The History section shows recent commits for the selected workspace as compact graph rows. Rows use fixed swimlane spacing, highlight the current HEAD, show branch/upstream labels when Git reports them, and keep the commit subject, short hash, author, and date visible for quick scanning. When the selected branch has remote divergence, the graph adds dashed Outgoing Changes and Incoming Changes markers with commit counts so the branch shape and sync direction are visible before syncing. Expand a commit row to inspect the files changed by that commit without leaving the Source Control panel. Expanded changes default to a collapsible folder tree and can be switched to a flat full-path list from the graph controls.

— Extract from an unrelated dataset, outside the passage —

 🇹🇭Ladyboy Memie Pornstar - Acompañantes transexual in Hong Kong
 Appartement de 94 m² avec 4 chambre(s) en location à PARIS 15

Use Load More... at the bottom of the graph to request the next page of commits without changing the current graph presentation.

Use the graph controls to switch between auto refs, all refs, current branch, and upstream filters, switch expanded changes between tree and list mode, then switch between detailed and tiny density. Wardian remembers the chosen ref filter, change view mode, density, and expanded commit rows for each selected repository root, and the collapse control closes all expanded commits in the current graph.

Worktree Mode

Source Control also exposes worktree actions:

  • Create Worktree opens an inline name field, then creates a worktree for that agent
  • available shared worktrees can be joined from the same action area
  • removing worktree returns the agent to main workspace behavior

When enabled, Wardian creates a named worktree beside the source checkout under <source-checkout>.wt/<worktree-name>, creates a matching wardian/<worktree-name> branch, shares supported build caches with the source checkout, and moves the agent runtime to that path with a fresh provider session. For example, a source checkout at <absolute-workspace-path>/Wardian creates Wardian-managed worktrees under <absolute-workspace-path>/Wardian.wt/. Joining an existing shared worktree assigns the same worktree path to another agent and also starts that agent fresh in the shared path.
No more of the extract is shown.